Aggiungi una spruzzata di sesso (una giovane affascinante spia, un aitante membro del controspionaggio) e sei in un racconto di Ken Follet.
Niente sesso, invece, perché qui siamo nella Storia. E che Storia. Siamo nella tarda primavera del 1945, la Germania sta cedendo al duplice assalto di alleati e sovietici. Gli americani che stanno finendo di preparare la loro bomba atomica, mandano in avanscoperta un gruppo di militari guidati da un fisico ebreo con un solo scopo: arrestare prima che arrivino i russi gli scienziati tedeschi che alavoravano attorno al segreto nucleare. “Il Club dell‘uranio” con premi nobel (anche futuri) e grandi personalità, ma anche un sorprendente fallimento: non sono riusciti né a fare una bomba né a fare un motore.

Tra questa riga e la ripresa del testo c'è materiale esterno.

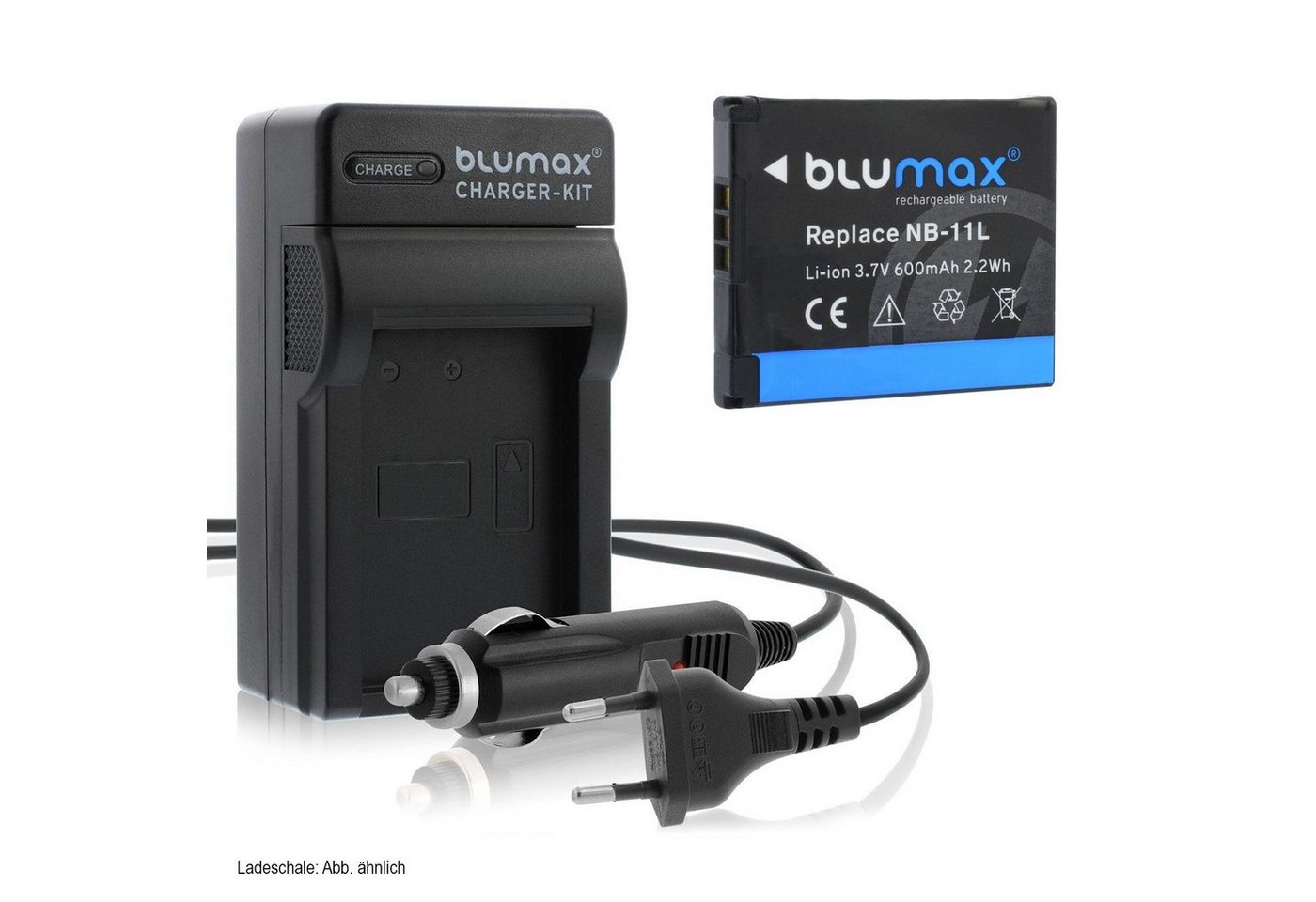 Blumax Set mit Lader für Canon NB-11L NB-11LH IXUS 600mAh Kamera-Ladegerät von Blumax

Il “club” viene arrestato, spedito prima in Belgio e poi in una casa di campagna chiamata Farm Hall, vicina a Cambridge, in Inghilterra. Isolati (nessuno deve sapere che sono lì), accuditi e spiati gli scienziati tedeschi parlano e parlano. Mostrano un altro punto di vista, quello degli sconfitti, ma anche una cultura arrogante e convinta di una superiorità di qualche tipo. La sintesi di questa incredibile vicenda, con le registrazioni originali commentate dall‘ufficiale inglese che seguiva l‘operazione, arriva ora in libreria con un libro dell‘editore Sironi. Il club dell‘uranio di Hitler. I fisici tedeschi nelle registrazioni segrete di Farm Hall, curato e commentato da Jeremy Bernstein, con introduzione di David Cassidy (432 pagine, 27 euro). Guardando in questo documento preziosissimo, i fisici tedeschi sono davvero penosi. Tronfi e sprezzanti nei primi mesi, sono convinti di essere reclusi per l‘incredibile avanzamento delle loro ricerche. Di Hitler si parla come di un incidente. Ciò che conta è la Germania che, purtroppo ha perso la guerra. Quando arriva la notizia di Hiroshima sono devastati. Scoprono di non essere avanzati di cinque anni, ma indietro di tre (per capire quel che hanno fatto gli alleati è fondamentale il libro di Richard Rhodes, L‘invenzione della bomba atomica, Rizzoli editore). Cercano di non crederci, poi di spiegarlo scientificamente (sbagliando). Infine, cominciano a pensare come salvarsi la faccia. E inizia a nascere la versione che adotteranno fino alla fine della loro vita (si veda il bel libro di Stefania Maurizi, Un bomba, dieci storie, Mondadori editore). Quella secondo cui loro non volevano fare la bomba, anzi hanno sabotato il progetto. E si sarebbero limitati – se i bombardament degli alleati e le rivalità nel regime nazista non li avessero frenati – a fare un motore all‘uranio. Non viene loro in mente che non hanno fatto né l‘una né l‘altra perché un regime folle aveva svuotato le Università tedesche cacciando e uccidendo gli intellettuali ebrei e non allineati al nazismo. Perché erano autoritari, isolati e boriosi. E la scienza, per progredire, ha bisogno di democrazia, confronto e umiltà.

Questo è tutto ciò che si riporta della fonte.